Last login time should be shown also in graphical environments
Affects | Status | Importance | Assigned to | Milestone | |
---|---|---|---|---|---|
gdm (Ubuntu) |
Confirmed
|
Wishlist
|
Unassigned |
Bug Description
The UNIX shell has for ages shown to users their last login time after a successful login time. The line is e.g.: #Last login: Web Sep 23 10:57:34 EEST 2009 on tty1". This is a good security feature since it allows the user to discover if his account has been accessed at a time the user himself knows for sure he didn't log in. Command 'last' will show the last logins. Man page 'wtmp' will tell more about the feature.
At the moment there is nothing similar in a graphical environment. If somebody is using my account, I wouldn't probably notice it..
I don't know what the correct place to implement this is (GDM, Gnome, separate script?), but some part of the login process should
a) record the login to /var/log/wtmp
b) read the last login for the current user an flash it as a notification for 5-10 seconds
Additionally it would be nice if there was an graphical equivalent graphical tool to the 'last' command.

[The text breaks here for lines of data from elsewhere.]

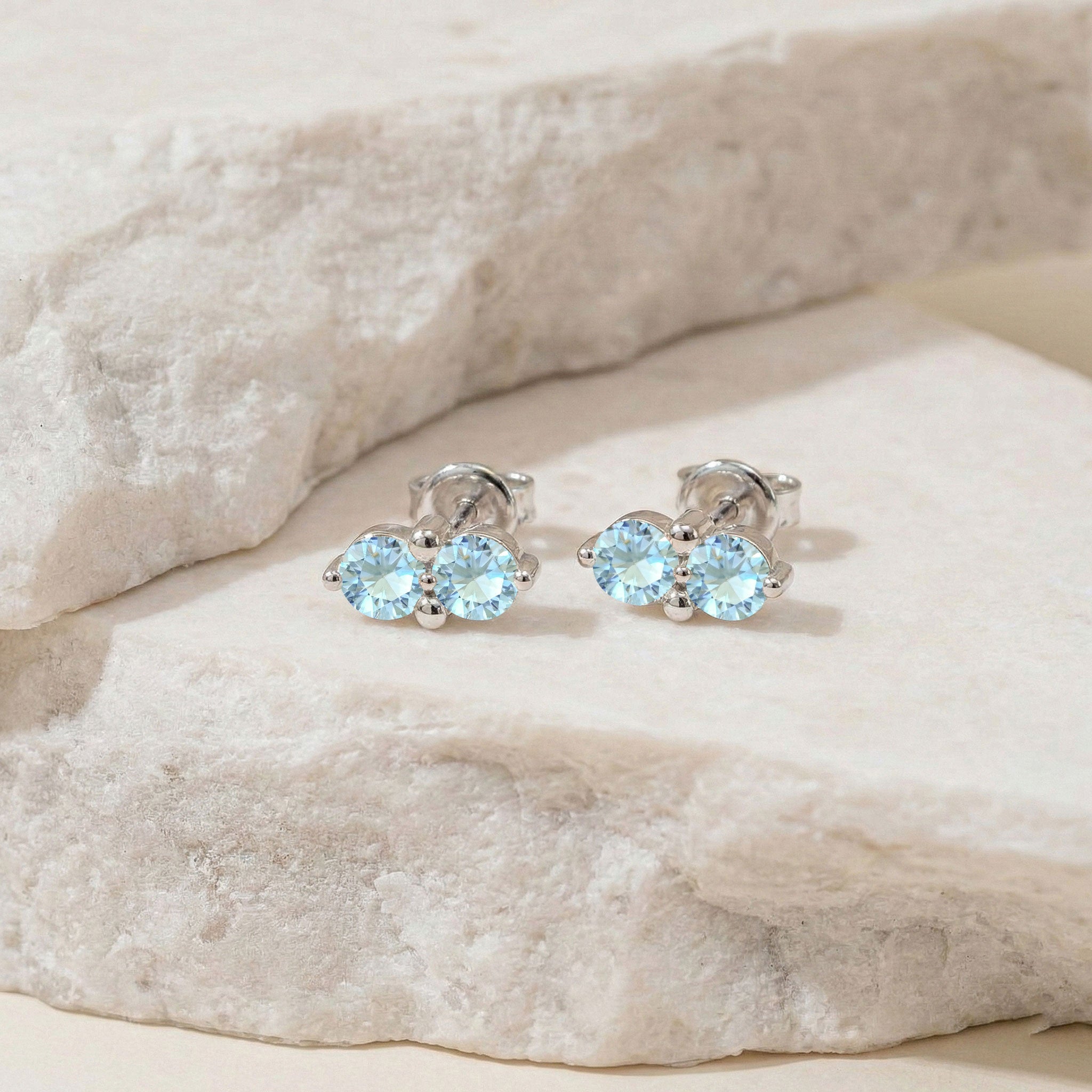 Aquamarine Round Stud Earrings in 925 Sterling Silver 3 MM 1.20ct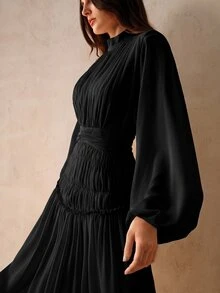 Anewsta Essential Waist Cinching Lantern Sleeve Midi Dress Maxi Women Outfit - Black - View 1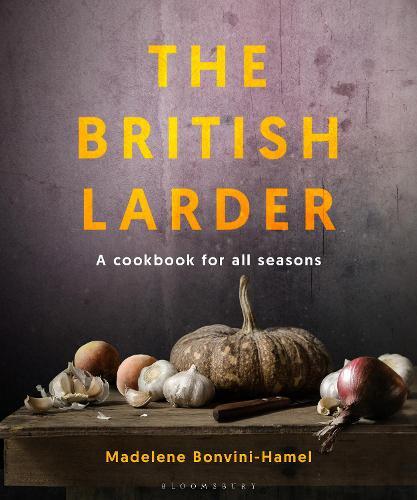 This is the book cover for 'The British Larder' by Madalene Bonvini-Hamel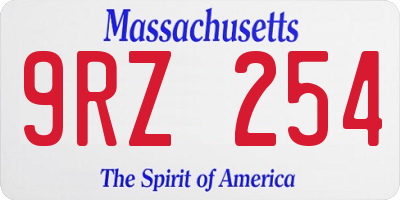 MA license plate 9RZ254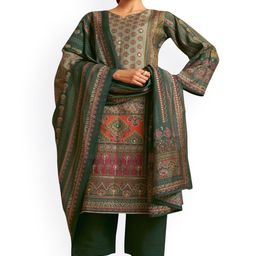 DRAVINAM Trends Embroidered Pure Cotton Unstitched Dress Material-picture-0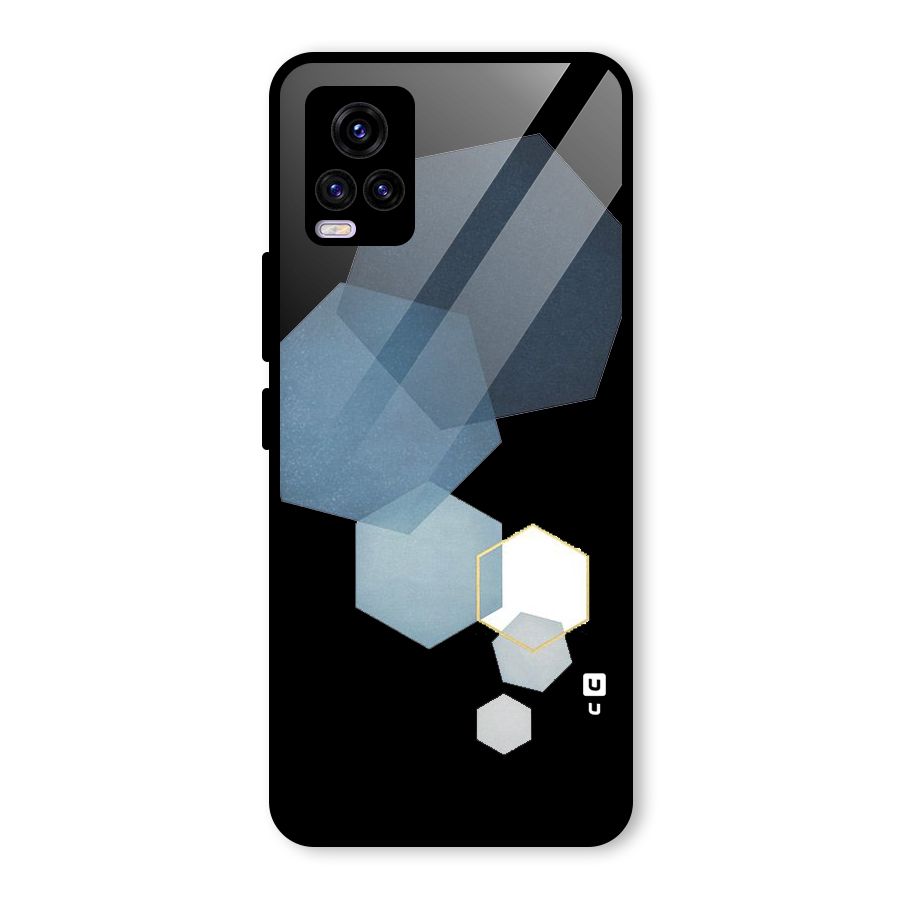 Shades Of Blue Shapes Glass Back Case for Vivo V20 2021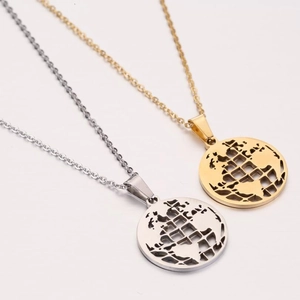 Chic stainless steel world map globe pendant necklace available in gold and silver finish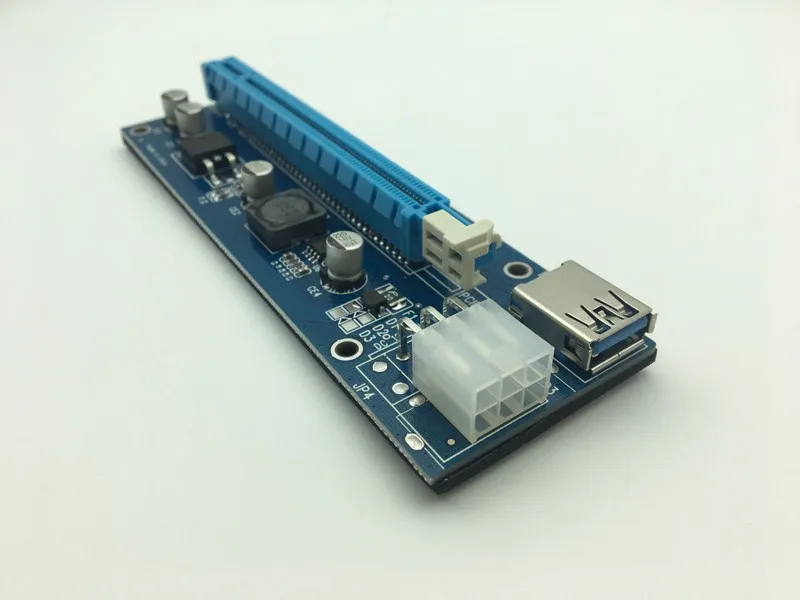 

6Pcs 006C PCIe PCI-E PCI Express Riser Card 1x to 16x USB 3.0 Data Cable Adapter SATA to 4Pin IDE Molex 6 pin for Bitcoin Mining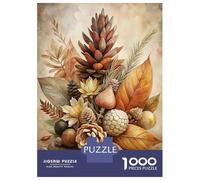 1000-piece Jigsaw Puzzles Autumnal Still Life with Pine Cones Adult Jigsaw Puzzle Hands-on Game Difficult Challenge Parent-child Interaction 70x50cm/1000pcs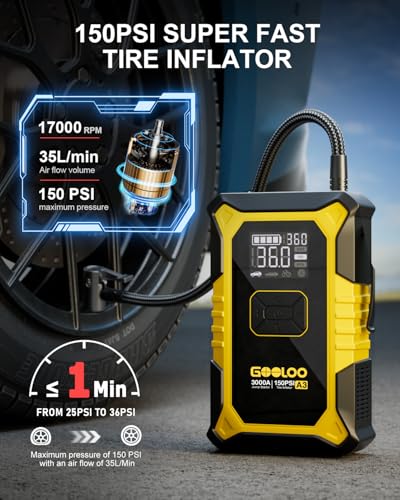 GOOLOO A3 Jump Starter with Air Compressor, 3000A Portable Car Battery Jumper Starter (9.0L Gas/6.5L Diesel) with 150PSI Auto-Shutoff Tire Inflator, 12V Supersafe Lithium Jump Box Car Booster, Yellow - color: Yellow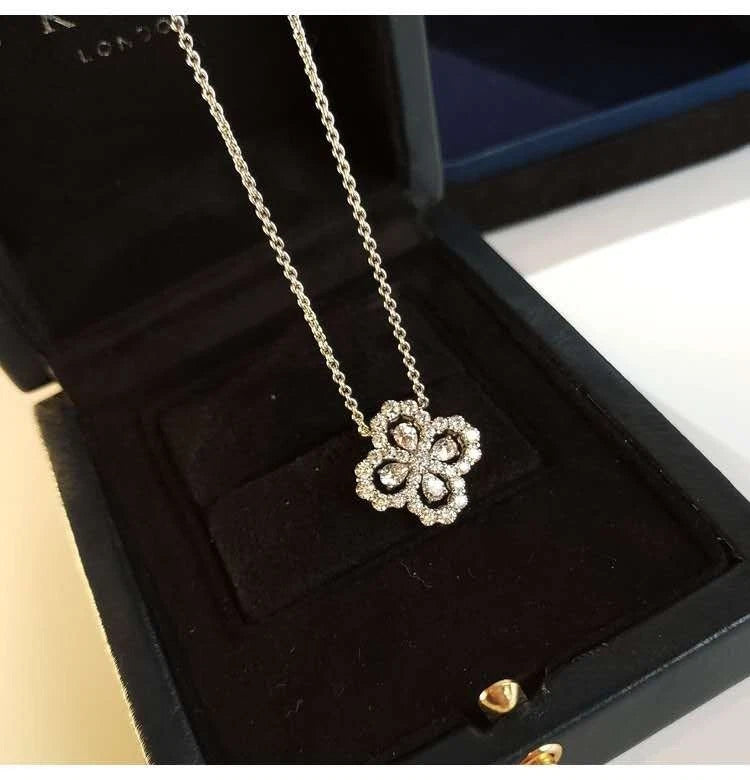 Collana trifoglio fortunato in argento 925 con pietre incastonate,ipoallergenica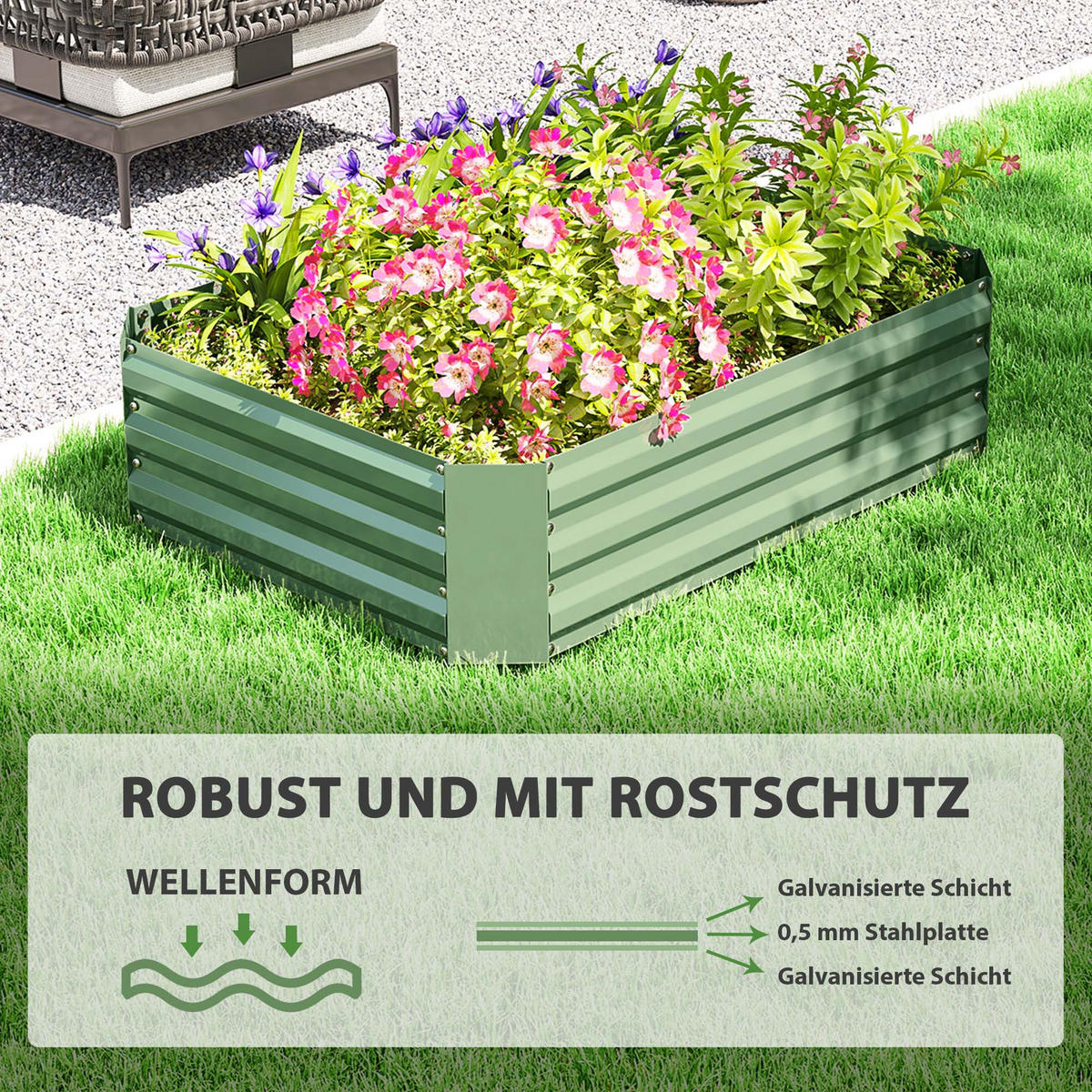 HOCHBEET - Dunkelgrün, Metall (90/30/120cm) - Outsunny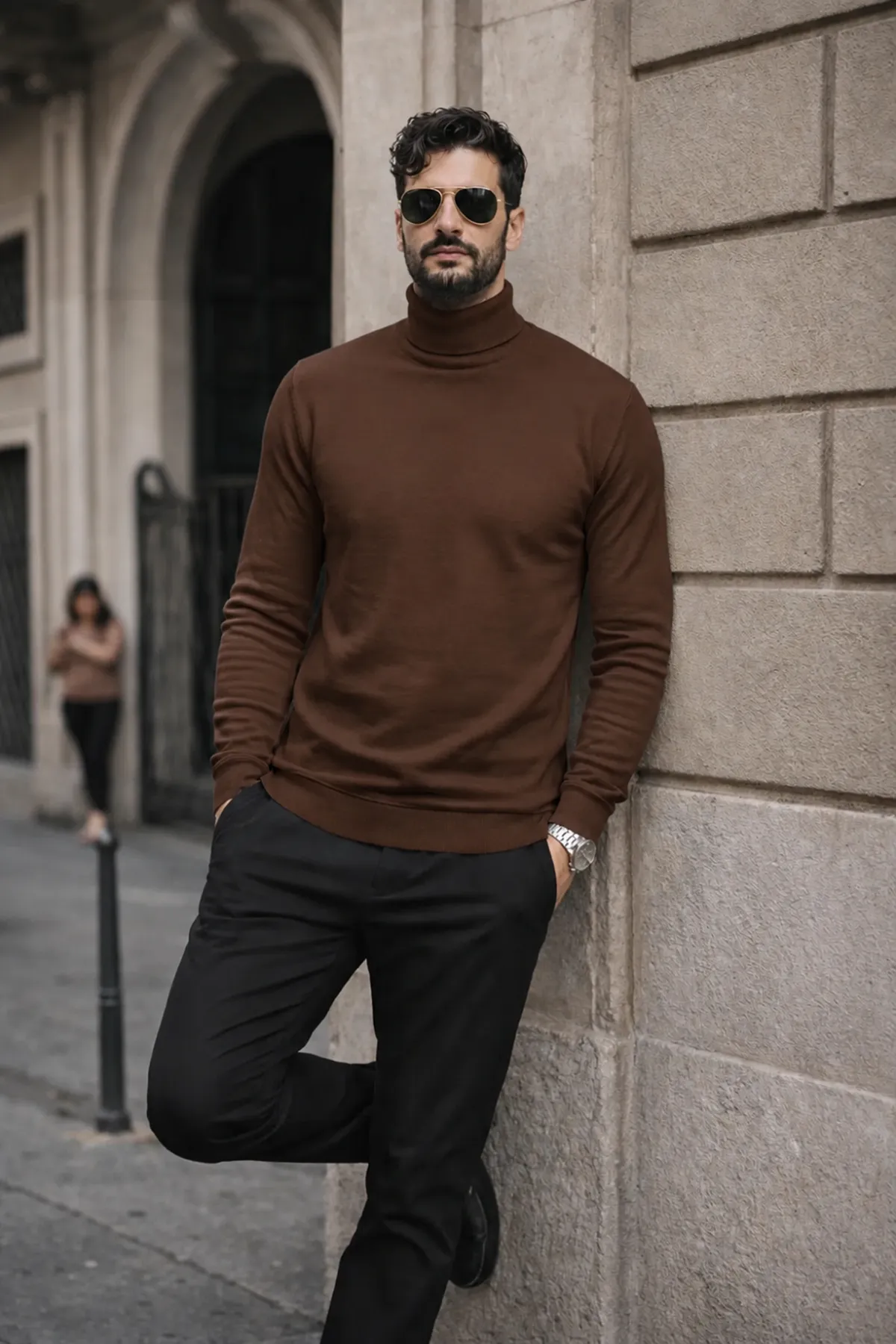 Erkek Kışlık Basic Slim Fit Uzun Kahve Kazak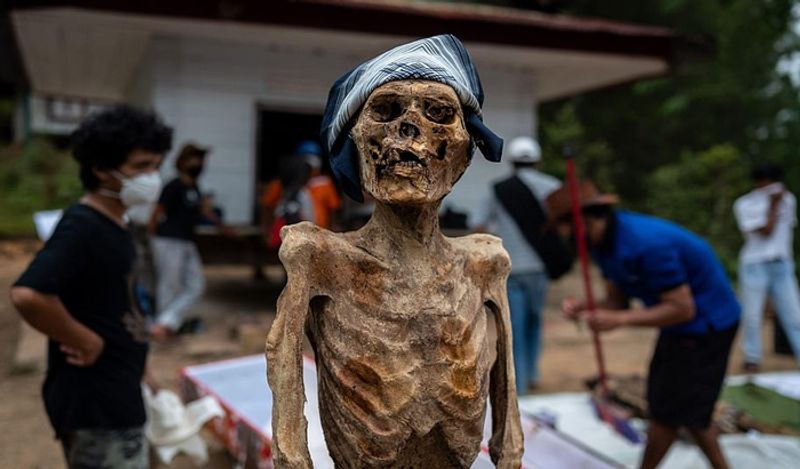 Indonesia Toraja Death Ritual where families dig dead relatives every year in august kph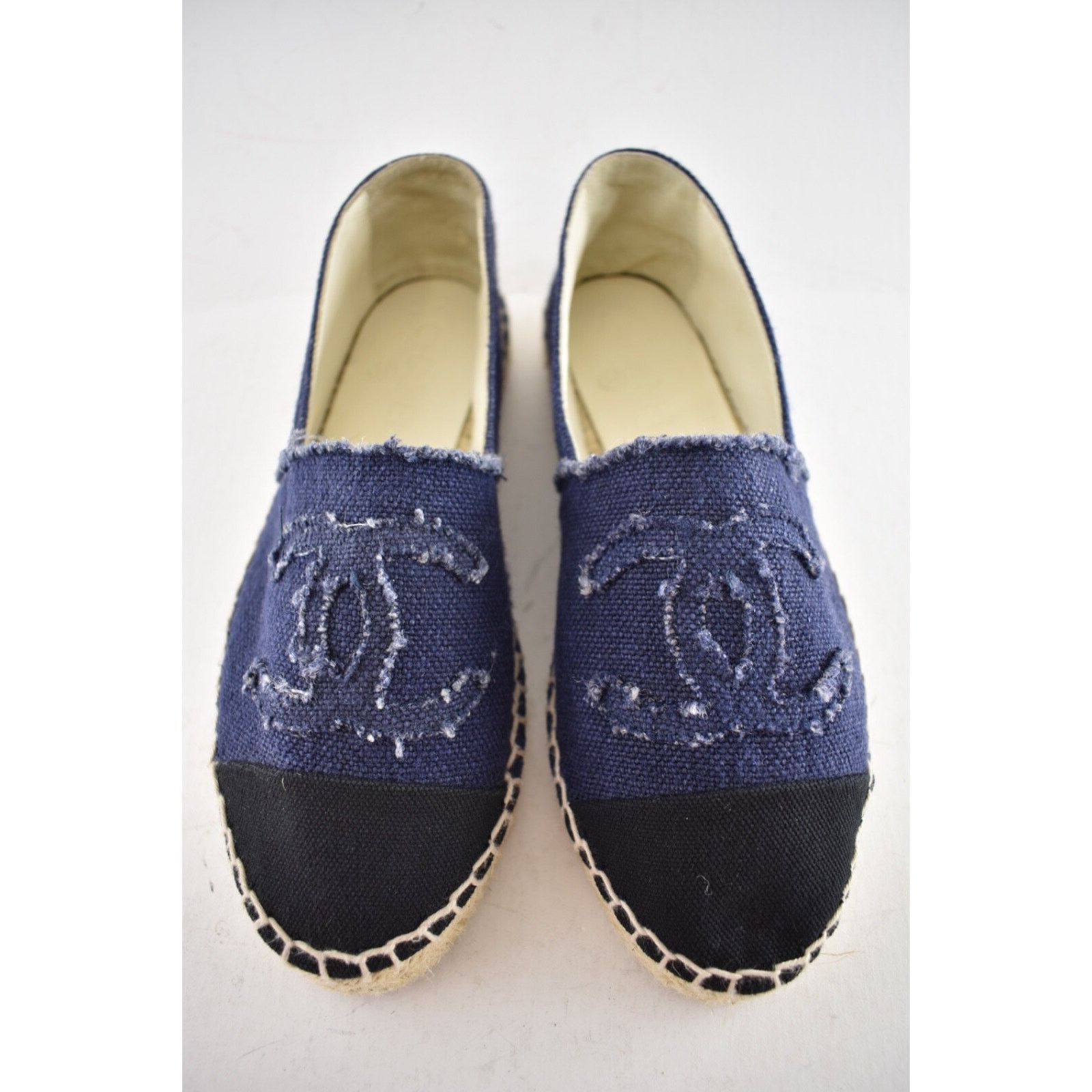 Chanel Chanel REV Blue Black Linen Canvas CC Logo Double Sole Size US 7 / IT 37 - 6 Thumbnail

However that requires more work. I guess the two things suggested above could be done with just a few lines of code - thus I made this bug report.
tags: | added: wishlist |
Even when you log in graphically, the timestamp is still recorded in /var/log/wtmp, and the "last" command still works. Still, you are right in that it would be a good security feature to somehow present this to the user on login.
gdm was completely rewritten to work with xsplash in karmic, and it isn't as feature rich as it once was. I think the priority is to get the whole login stack up to feature parity with what was there before the transfer to the new gdm first, before implementing something new, but this is still a good idea for the future.